He has played himself several times on screen. First, in one of the vignettes of Jim Jarmusch’s 2003 film Coffee and Cigarettes, alongside Alfred Molina. Second, in 2006 Coogan starred with Rob Brydon in Michael Winterbottom’s A Cock and Bull Story, a self-referential film of the “unfilmable” self-referential novel Tristram Shandy by Laurence Sterne. In the film, Coogan plays a fictional, womanising version of himself. Thirdly, he played himself in the 2010 film The Trip. He worked again with director Winterbottom in The Look of Love, about ’50s porn-king Paul Raymond. His fourth time playing himself on screen was in the 2014 film The Trip to Italy, a film about him and Rob Brydon taking a food-tasting trip through Italy, followed in 2017 by The Trip to Spain.
The first film which he co-wrote with Henry Normal was The Parole Officer, in which he also acted alongside Ben Miller and Lena Headey. Coogan has an uncredited cameo in Hot Fuzz, scripted by Shaun of the Dead writers Simon Pegg and Edgar Wright.
Coogan’s most acclaimed work to date is the drama-comedy Philomena, which he co-wrote, produced, and starred in with Judi Dench. This performance earned him a Golden Globe nomination, among many other nominations (and some wins). Philomena was nominated for the Academy Award for Best Picture. In 2018, Coogan played English comedian Stan Laurel in the film biopic Stan & Ollie, starring opposite American actor John C. Reilly who played Oliver Hardy.

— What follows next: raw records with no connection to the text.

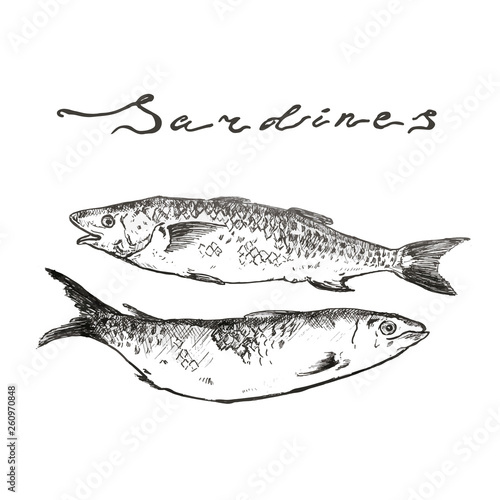 Pilchard Sardine Hand Drawn Illustration sketch vector with lettering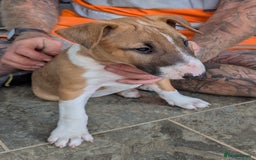 Bull Terrier dogs for sale: Female KC English bull terrier  - Image 3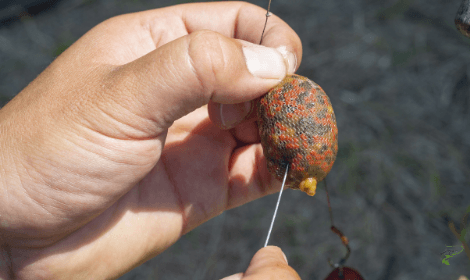 Pre-baiting for carp - Man Holding Pva Bag Rig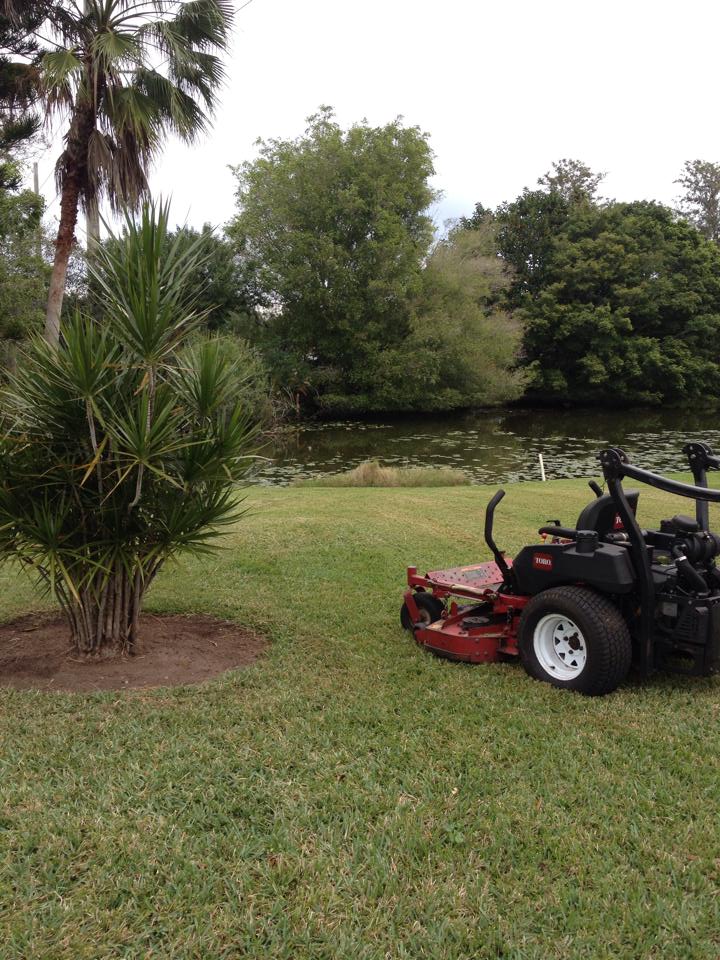 A red Toro zero-turn mower sits on a green lawn near a palm tree, with a pond and trees in the background.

Coogan’s show Steve Coogan in character with John Thomson was winner of the Perrier Award for best show at the 1992 Edinburgh Fringe. He has won numerous awards for his work in TV including British Comedy Awards, BAFTAs and The South Bank Show award for comedy. In 2003, he was listed in The Observer as one of the 50 funniest acts in British comedy. In 2005, a poll to find the Comedians’ Comedian saw him being voted amongst the top 20 greatest comedy acts ever by fellow comedians and comedy insiders.
Stand-up comedy comeback tour
In March 2008, it was confirmed that Coogan would return to doing stand-up comedy as part of his first stand-up tour in ten years. The tour, named “Steve Coogan as Alan Partridge and other less successful characters”, saw the return of some of his old characters including Paul Calf and Alan Partridge. Reviews of the tour were mixed. Much of the criticism focused on the apparent unrehearsed quality of some of the performances and on Coogan’s nervous stage presence. Chortle comedy guide described it as “most definitely a show of two halves: the superlative Alan Partridge plus a collection of characters that are not only less successful, but woefully less funny”.

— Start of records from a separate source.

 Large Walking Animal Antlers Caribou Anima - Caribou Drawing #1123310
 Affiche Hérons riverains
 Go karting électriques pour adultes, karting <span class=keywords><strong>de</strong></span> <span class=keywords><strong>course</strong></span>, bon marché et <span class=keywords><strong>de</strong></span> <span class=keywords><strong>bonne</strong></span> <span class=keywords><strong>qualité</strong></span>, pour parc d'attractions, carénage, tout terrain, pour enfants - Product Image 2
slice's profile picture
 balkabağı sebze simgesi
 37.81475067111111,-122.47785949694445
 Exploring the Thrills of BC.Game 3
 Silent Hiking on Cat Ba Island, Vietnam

As the tour progressed and the problems were ironed out, reviews were very positive. Dominic Maxwell of The Times described the show as “twice as entertaining as most other comedy shows this year.” Brian Logan of The Guardian awarded it four stars and described it as “shamelessly funny.” Reviews such as the one from the Trent FM Arena exemplified how much the show had improved after dealing with the glitches on its first few dates: “When Steve Coogan first brought this show to Nottingham last month, the reviews were poor… the intervening weeks have made a big difference, and last night’s audience at the Trent FM Arena went home happy. More please, and soon.”

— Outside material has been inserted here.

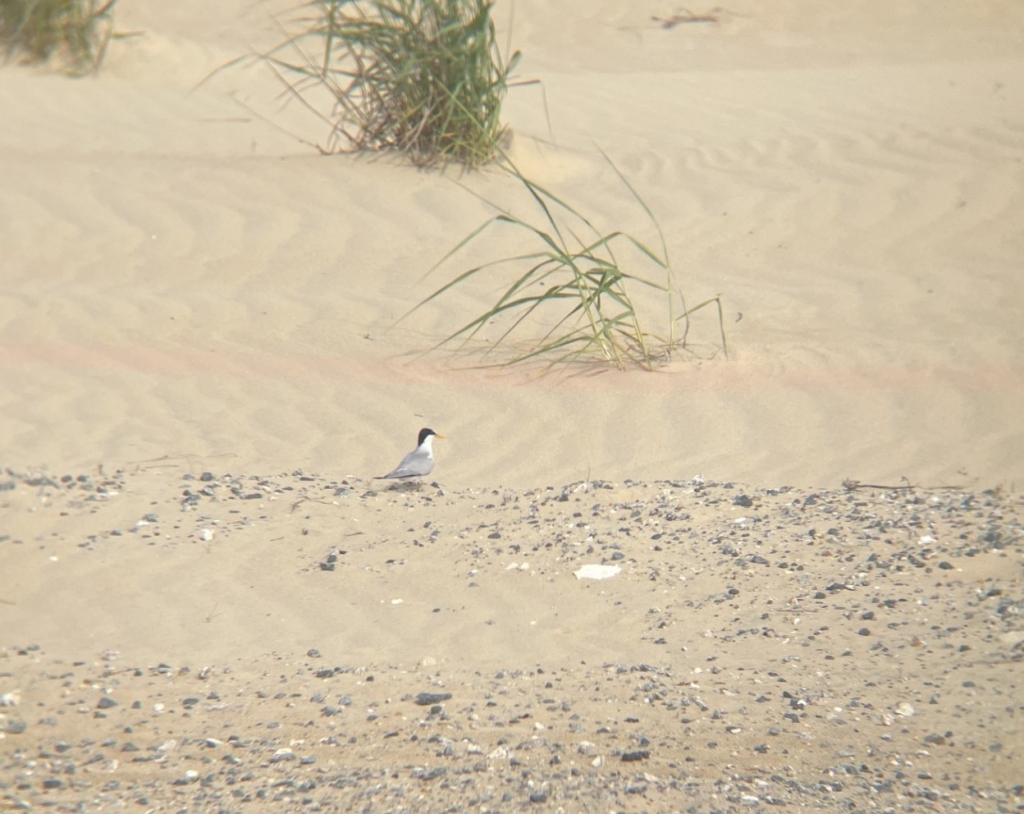Least Tern pic taken by Park OA Joleena Jewell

In 2009, Coogan was featured, alongside Vic Reeves, Bob Mortimer and Julia Davis, in the spoof documentary TV film Steve Coogan – The Inside Story. The same year he spoke on the influence of Monty Python on his comedy when he appeared in the television documentary, Monty Python: Almost the Truth (Lawyers Cut).
Baby Cow Productions
Coogan, along with his writing partner Henry Normal, founded Baby Cow Productions in 1999. Together, they have served as executive producers for shows such as The Mighty Boosh, Nighty Night, Marion and Geoff, Gavin & Stacey, Human Remains and Moone Boy, as well as the Alan Partridge feature film Alan Partridge: Alpha Papa. They have also produced Where Are the Joneses?, an online sitcom which uses wiki technology to allow the audience to upload scripts and storyline ideas.
In 2008, BBC Worldwide bought a 25% stake in the production company. They did not offer the largest sum but that they were chosen by Coogan & Normal due to their previous work and strong connection with the BBC. In 2016, after Henry Normal stood down, Christine Langan (Head of BBC Film at the time) was hired by Coogan (creative director of Baby Cow Productions) as the new CEO which led to an increase in BBC Worldwide’s stake to 73%.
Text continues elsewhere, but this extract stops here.